A new exhibition at the Fashion and Textile Museum celebrates the iconic t-shirt.

Not a retrospective, as the introduction tells us, but rather a survey of the cultural significance of t-shirts and the roles they have played across history. From bringing people together in celebration to uniting them in protest, t-shirts have been an inherent part of our culture for decades. The underlying theme is a serious one, but there are lots of fashion moments to enjoy, too.

The museum has brought together some incredible examples of designs from across previous decades, with protest t-shirts from the 1950s and 1960s right up to the already iconic We Should All Be Feminists offering from Maria Grazia Chiuri for Dior. The mannequin wearing said t-shirt clings to a copy of Chimamanda Ngozi Adichie’s book of the same name and the inspiration for Chiuri’s design. It is this type of story that the Fashion and Textile Museum hopes to tell.

The exhibition is divided into digestible tableaux based around defining moments in the t-shirt’s recent history. Here we explore some of them:

T-Shirt Typologies and T-Shirt Embellishment Techniques

We’re thrown in at the deep end with a look at some cultural icons that help to open the story of how t-shirts are made. There are university t-shirts from the USA and the UK, displayed alongside souvenir t-shirts and novelty t-shirts. It helps us to understand how such an ephemeral item brought people together and helped to create memories. Techniques for t-shirt production like screen-printing, flocking and transfers are also on display, with highlights including tour t-shirts from Elton John and a decadent Alexander McQueen t-shirt.

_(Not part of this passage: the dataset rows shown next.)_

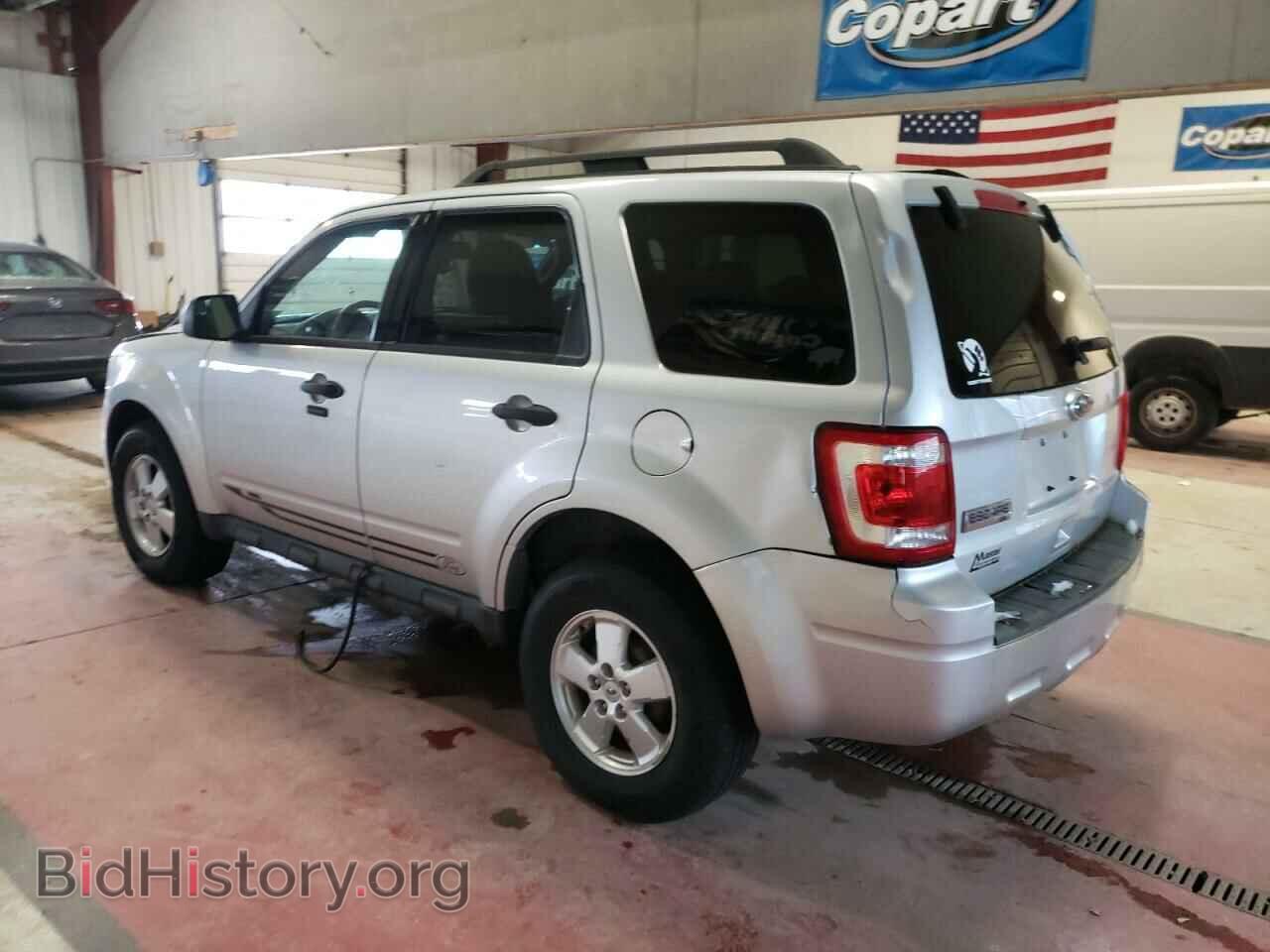 2010 FORD ESCAPE - VIN: 1FMCU9D79AKC22812 - Фото 2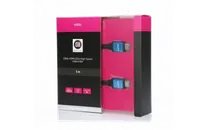 Câble HDMI 2.1 Tressé Nylon 5m - Noir - Compatible 8K/60Hz - 2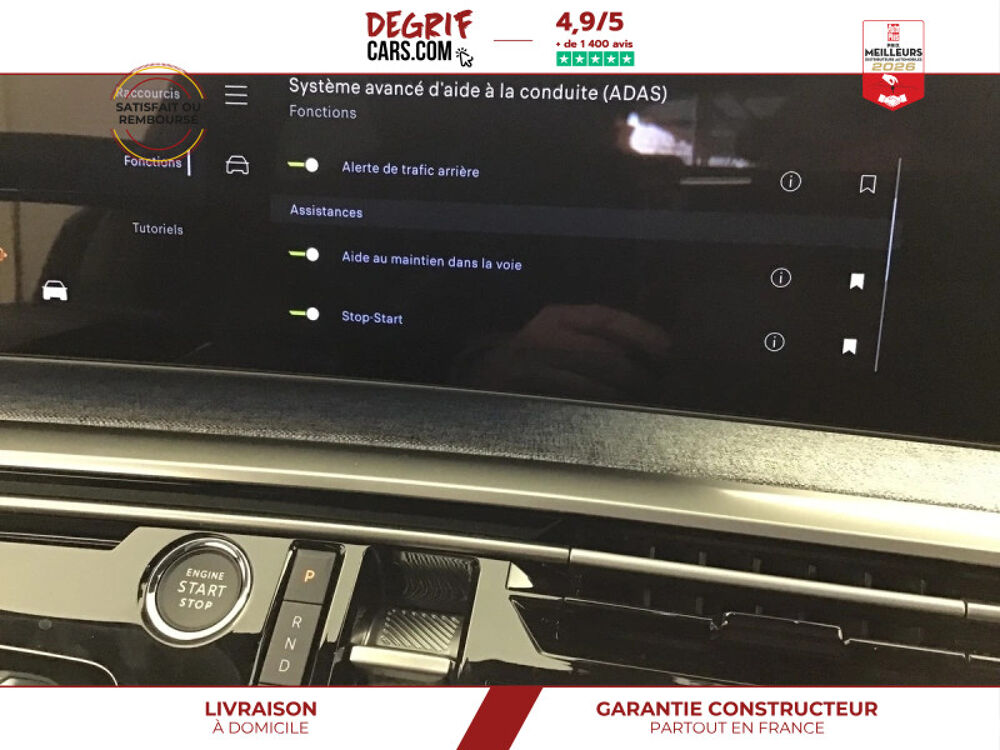 Divers GT 1.2 Hybrid 145ch E-Dsc6 Gt + CAM&Eacute;RA 360 2026 occasion 35830 Betton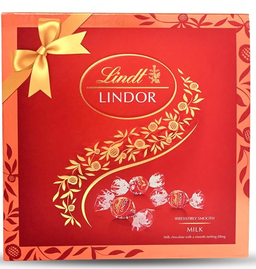 Lindt Lindor Milk Chocolate 100g Box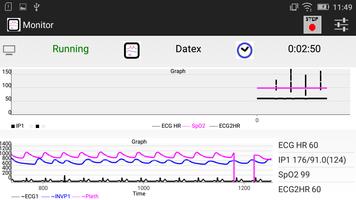 Medical Monitor Data Logger screenshot 2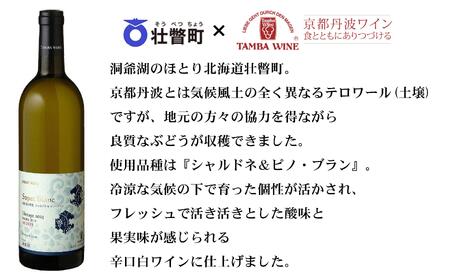 北海道壮瞥産 ソペ・ブラン2023(辛口白ワイン) 750ml SBTA084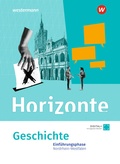 Cover: Horizonte - Ausgabe 2026 f&uuml;r die Sekundarstufe II in Nordrhein-Westfalen - Westermann Schulbuchverlag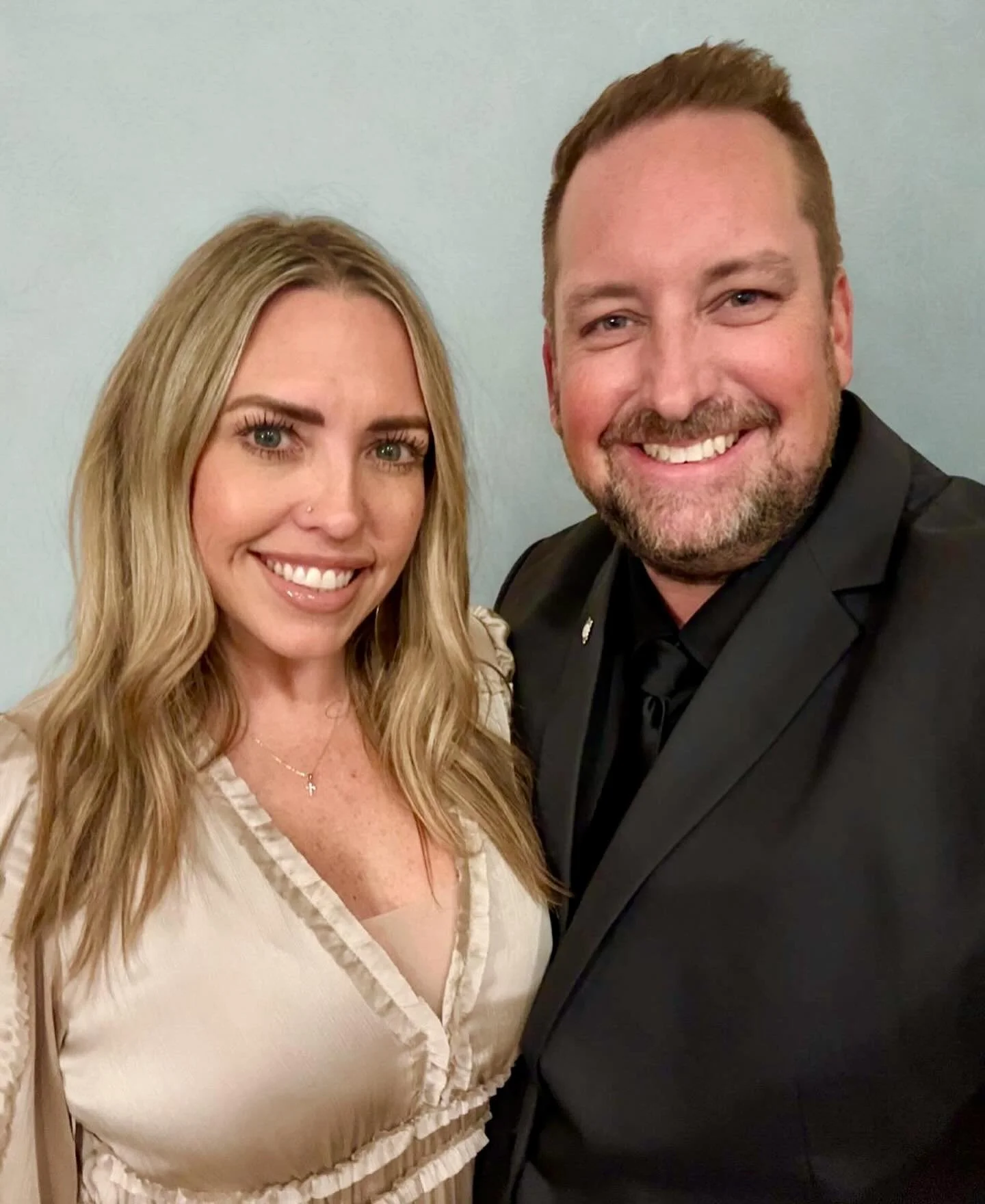 We couldn’t let the month come to an end without giving a huge shout out for Pastor’s Appreciation Month to our pastors Nate and Ashley Brown! Thank you both for all the ways you serve our spiritual family, seen and unseen. Your heart for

One of the most fundamental sections of the exhibition is the stand devoted to agitprop and the roles that t-shirt designs have played in political protest. The term, originating in Soviet Russia, has been loosely applied to any t-shirt that makes a political or protesting statement. Many are hand printed, some even with slogans daubed across. A diverse range of causes are included, such as climate change, equality and election campaigns.

The T-Shirt as Fashion Statement

There are tens of examples of fashionable t-shirts in the exhibition – many of which show the way that superbrands have used their logos to maximum effect. Fashion’s current obsession with the logo, ironic or otherwise, makes this section on the most exciting.


The most prominent t-shirt designer represented in the exhibition is Dame Vivienne Westwood, thanks to the kind donation by Lee Price, who considers himself not a collector but somebody who almost by accident ended up as a ‘custodian of a collection’. There are designs from the Worlds End days right through to now, showcasing the vast range of topics that Westwood has explored throughout her extensive career.


Notably, the exhibition concludes with a section devoted to the genderless nature of the humble t-shirt. So many fashion exhibitions are devoted to clothing specifically to a single gender; this exhibition proves that the t-shirt is one of few items of clothing that are far from gender-specific. This in turn makes the t-shirt an inherently democratic garment in political and cultural terms.

The exhibition offers serious examples, such as designs that campaign for transgender equality, and playful examples, like trompe-l’œil designs to emphasise or obscure gender differences.